Problem requirements ▸ Return only the lines from the top of the data down to the one that holds "Obraz premium Abstract", both included, without any pictures.

The input ▸
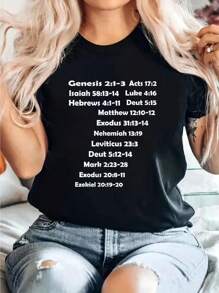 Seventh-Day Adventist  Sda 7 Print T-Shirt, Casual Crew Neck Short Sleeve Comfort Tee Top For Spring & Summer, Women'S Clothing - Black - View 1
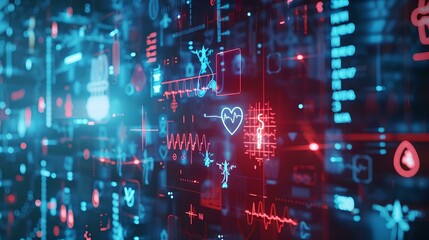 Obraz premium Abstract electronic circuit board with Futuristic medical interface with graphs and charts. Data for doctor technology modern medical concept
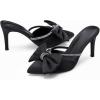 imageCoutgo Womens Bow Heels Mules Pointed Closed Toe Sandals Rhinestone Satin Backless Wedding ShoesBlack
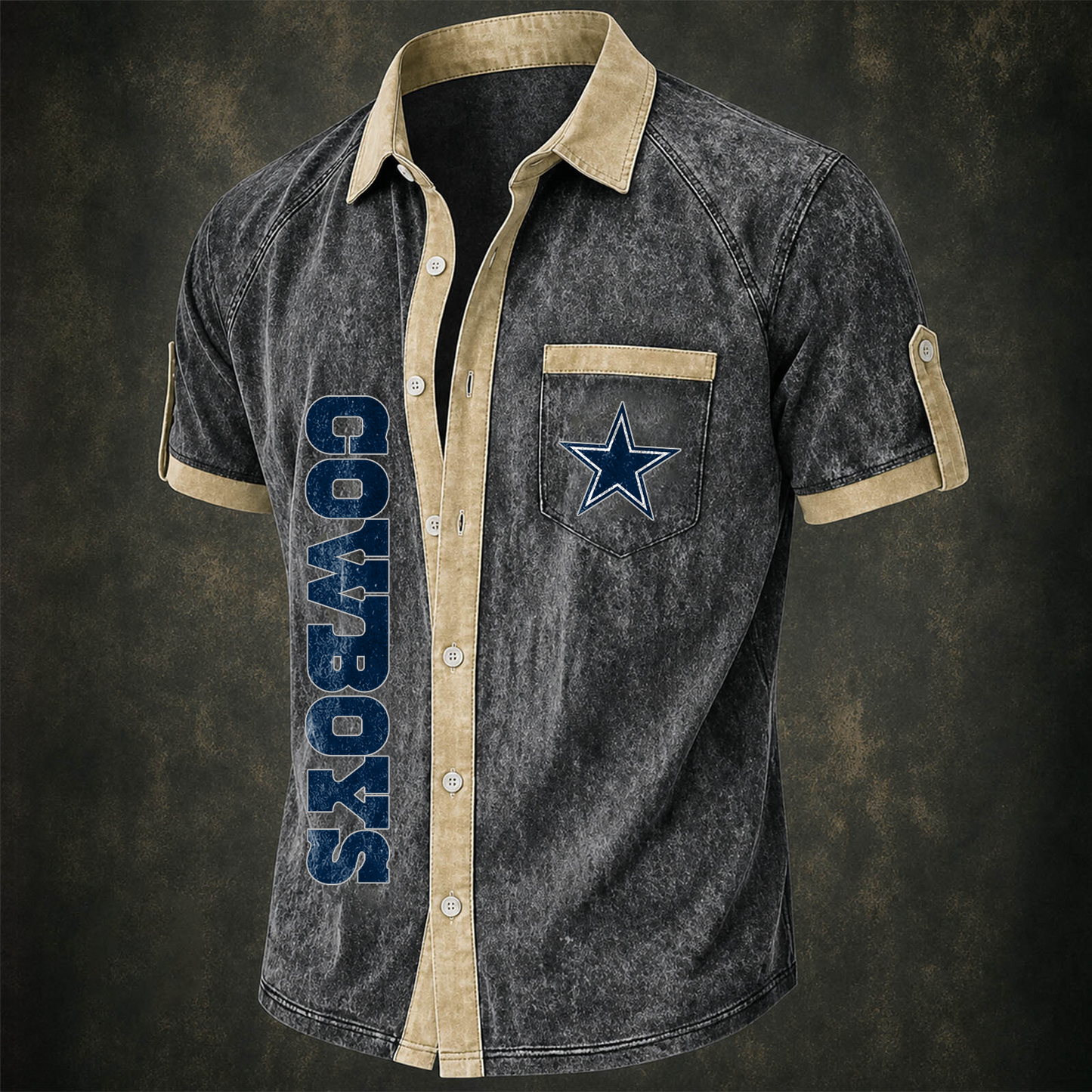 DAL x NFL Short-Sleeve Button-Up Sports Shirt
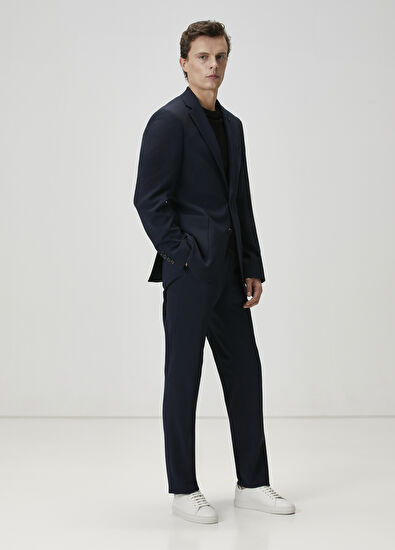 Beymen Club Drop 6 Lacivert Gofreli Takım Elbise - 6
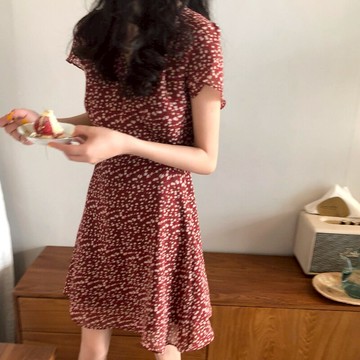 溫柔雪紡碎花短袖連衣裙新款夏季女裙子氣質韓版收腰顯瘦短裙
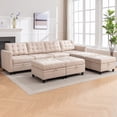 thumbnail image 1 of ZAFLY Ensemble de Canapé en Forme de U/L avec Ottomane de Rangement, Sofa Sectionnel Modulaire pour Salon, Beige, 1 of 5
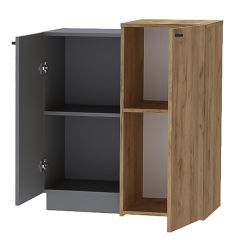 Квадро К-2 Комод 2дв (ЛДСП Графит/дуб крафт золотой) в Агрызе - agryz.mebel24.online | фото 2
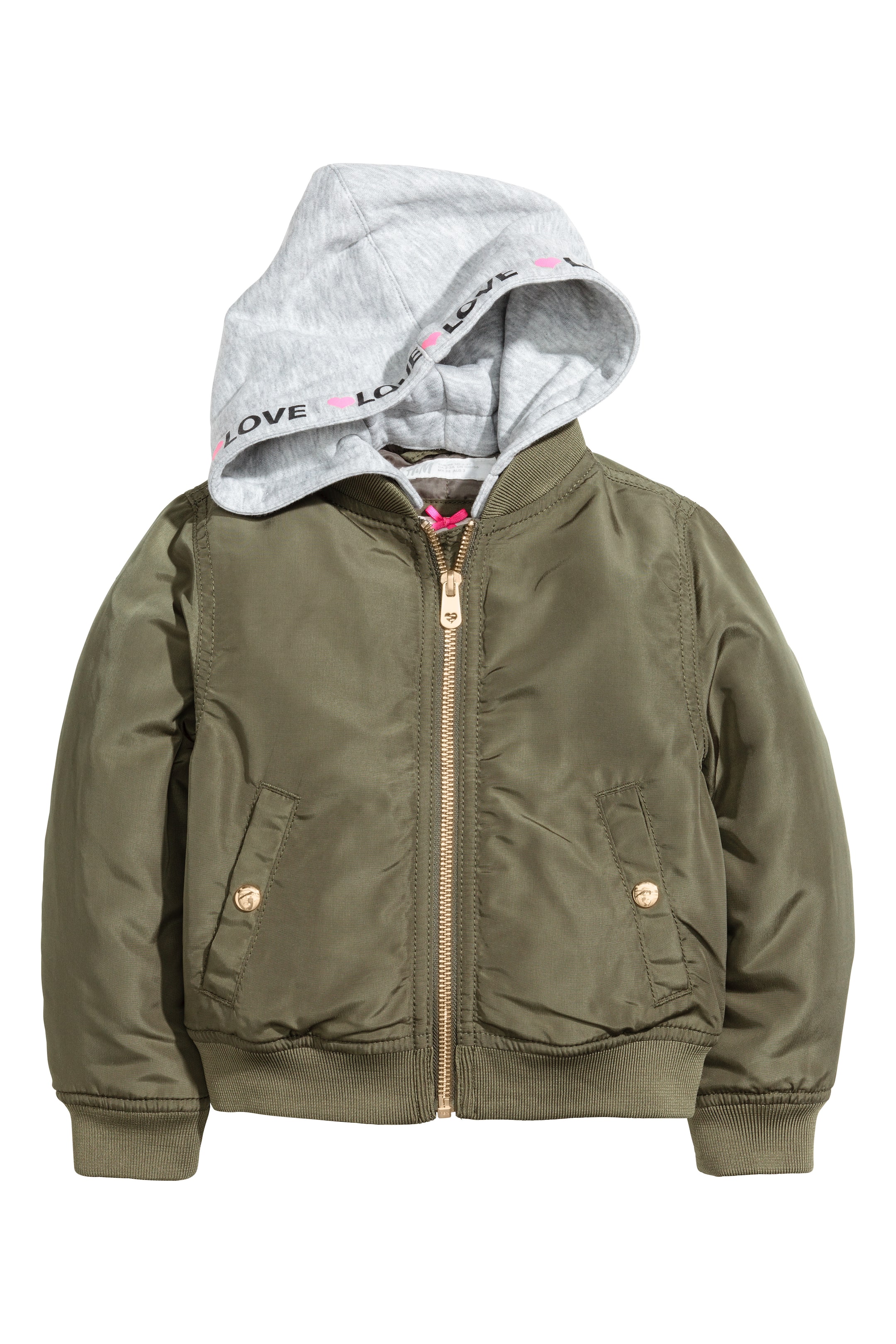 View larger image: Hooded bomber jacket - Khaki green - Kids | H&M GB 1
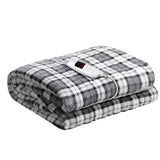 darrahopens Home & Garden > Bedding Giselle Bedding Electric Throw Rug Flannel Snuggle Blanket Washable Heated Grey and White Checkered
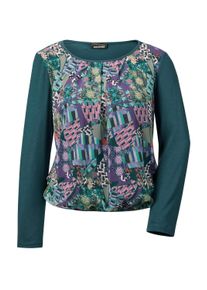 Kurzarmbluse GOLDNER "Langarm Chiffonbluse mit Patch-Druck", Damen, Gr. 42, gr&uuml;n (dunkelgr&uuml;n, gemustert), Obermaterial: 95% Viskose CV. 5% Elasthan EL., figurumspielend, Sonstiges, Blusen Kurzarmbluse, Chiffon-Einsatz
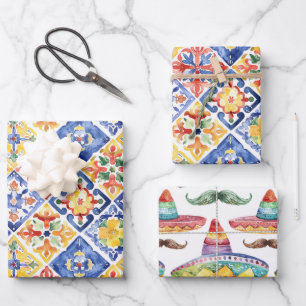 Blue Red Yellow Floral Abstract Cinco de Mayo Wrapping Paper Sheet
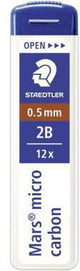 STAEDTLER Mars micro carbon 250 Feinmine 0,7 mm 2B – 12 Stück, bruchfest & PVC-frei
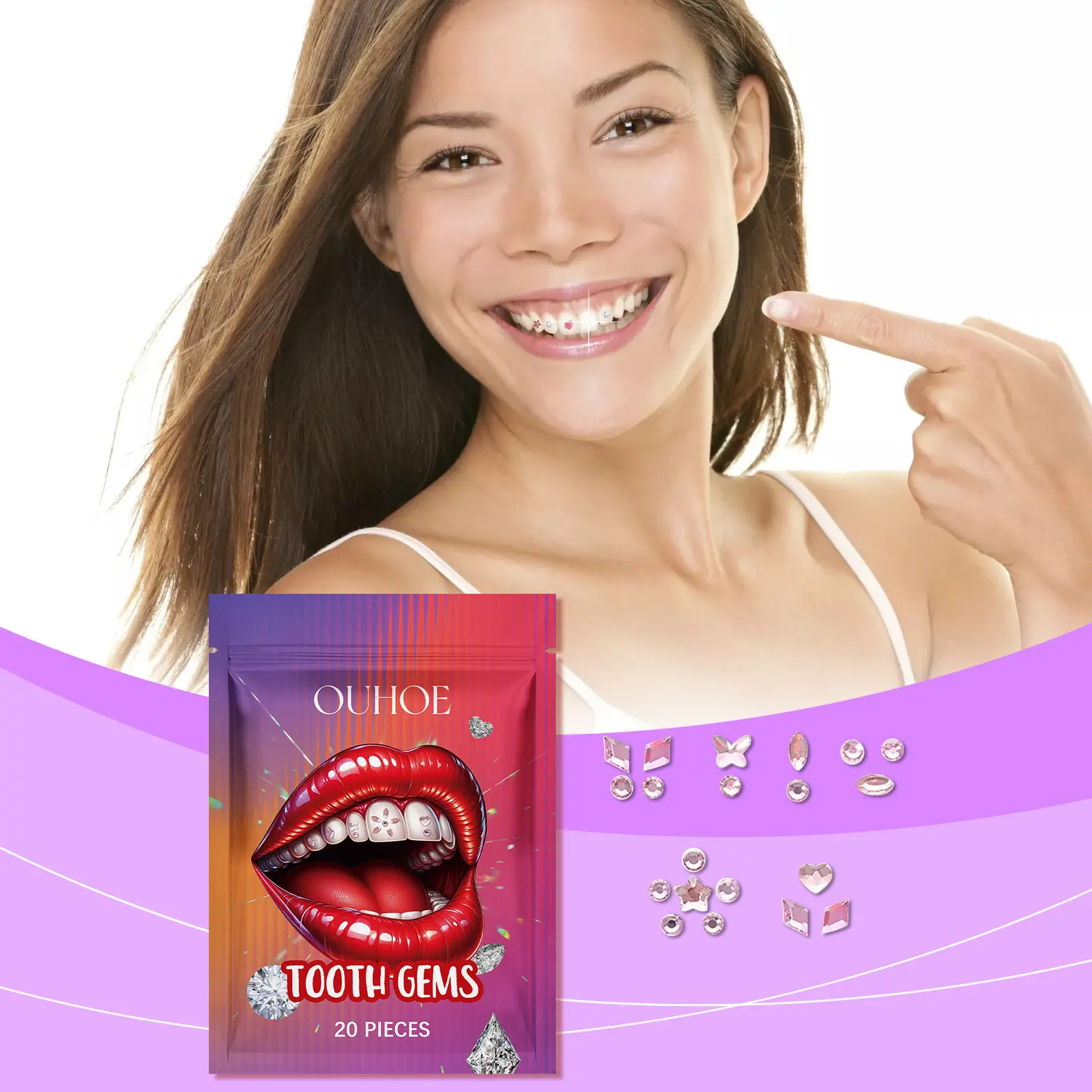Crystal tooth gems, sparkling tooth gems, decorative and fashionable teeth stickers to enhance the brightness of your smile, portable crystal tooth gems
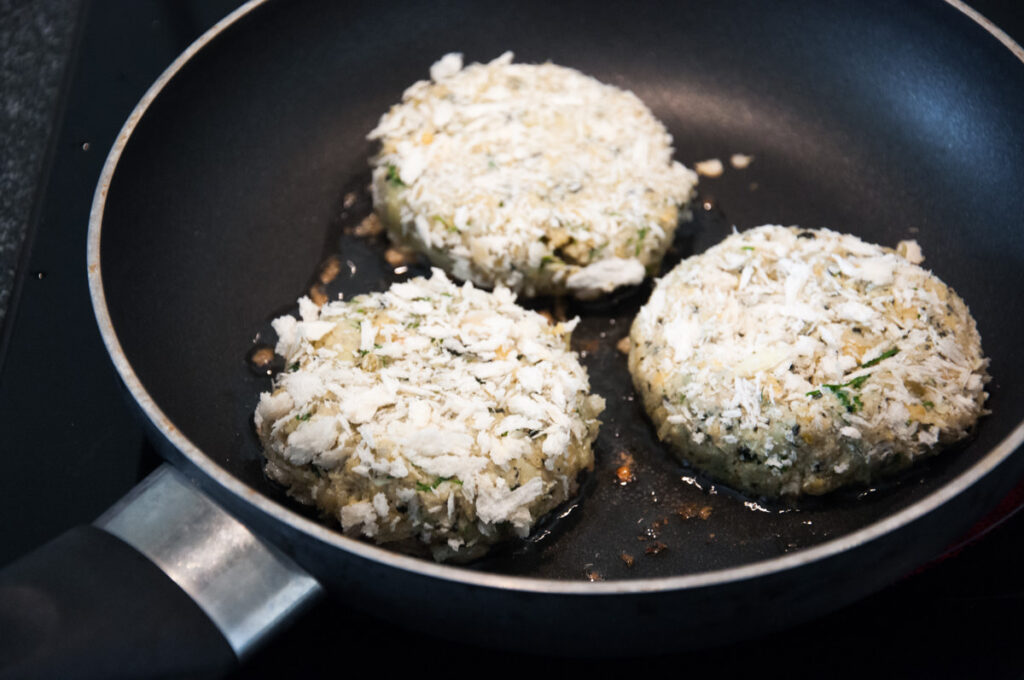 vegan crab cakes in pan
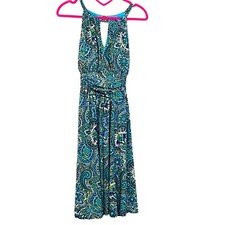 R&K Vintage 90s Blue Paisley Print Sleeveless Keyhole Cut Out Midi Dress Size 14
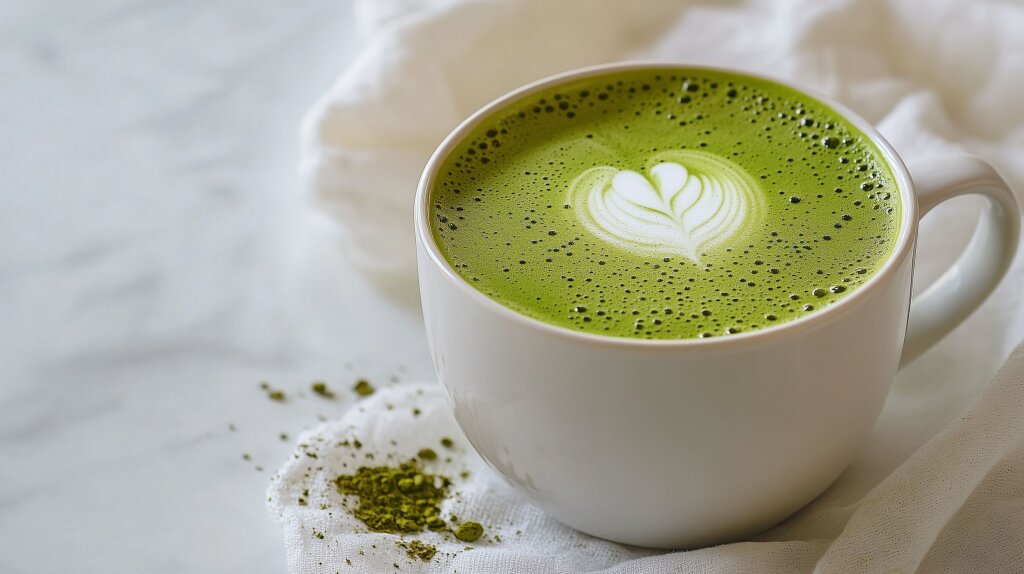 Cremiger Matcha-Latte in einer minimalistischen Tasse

Written reply ▸
 Seventh-Day Adventist  Sda 7 Print T-Shirt, Casual Crew Neck Short Sleeve Comfort Tee Top For Spring & Summer, Women'S Clothing - Black - View 1
 Obraz premium Abstract electronic circuit board with Futuristic medical interface with graphs and charts. Data for doctor technology modern medical concept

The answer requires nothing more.